━━━ Supplied material

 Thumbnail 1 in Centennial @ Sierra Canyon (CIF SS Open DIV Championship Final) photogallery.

━━━━━━
━━━ Supplied material

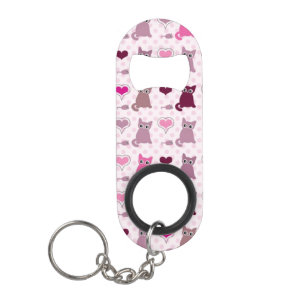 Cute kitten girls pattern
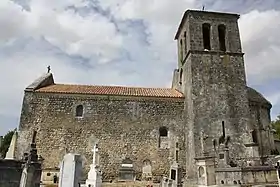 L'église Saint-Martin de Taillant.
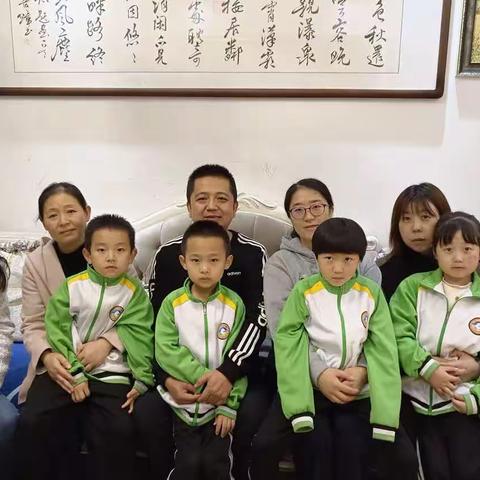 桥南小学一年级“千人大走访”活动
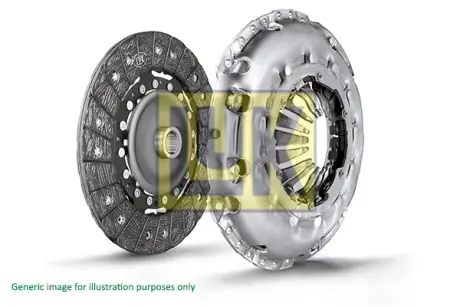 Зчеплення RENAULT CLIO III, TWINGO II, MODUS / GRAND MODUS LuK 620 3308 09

━━━━━━
━━━ Supplied material

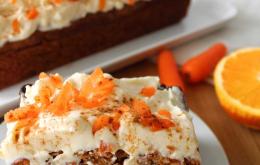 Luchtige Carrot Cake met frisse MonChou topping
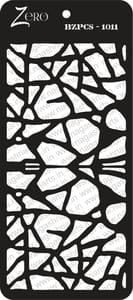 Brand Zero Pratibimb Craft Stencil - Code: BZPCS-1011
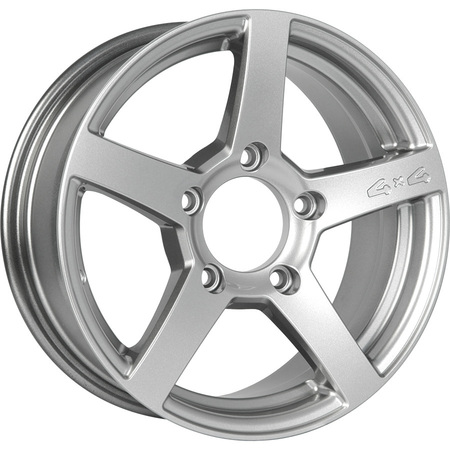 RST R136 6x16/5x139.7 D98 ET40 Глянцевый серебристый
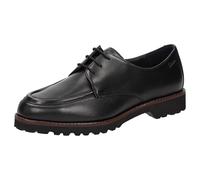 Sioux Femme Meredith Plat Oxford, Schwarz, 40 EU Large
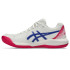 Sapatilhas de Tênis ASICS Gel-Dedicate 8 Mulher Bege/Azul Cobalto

━━━━━━

- Required work
Using the data above, retype exactly the lines from the line with "Brand Zero Pratibimb" to the line with "Sapatilhas de Tênis", inclusive. No pictures and nothing else.

- Exercise answer
 Brand Zero Pratibimb Craft Stencil - Code: BZPCS-1011
 RST R136 6x16/5x139.7 D98 ET40 Глянцевый серебристый
 Sioux Femme Meredith Plat Oxford, Schwarz, 40 EU Large
 Sapatilhas de Tênis ASICS Gel-Dedicate 8 Mulher Bege/Azul Cobalto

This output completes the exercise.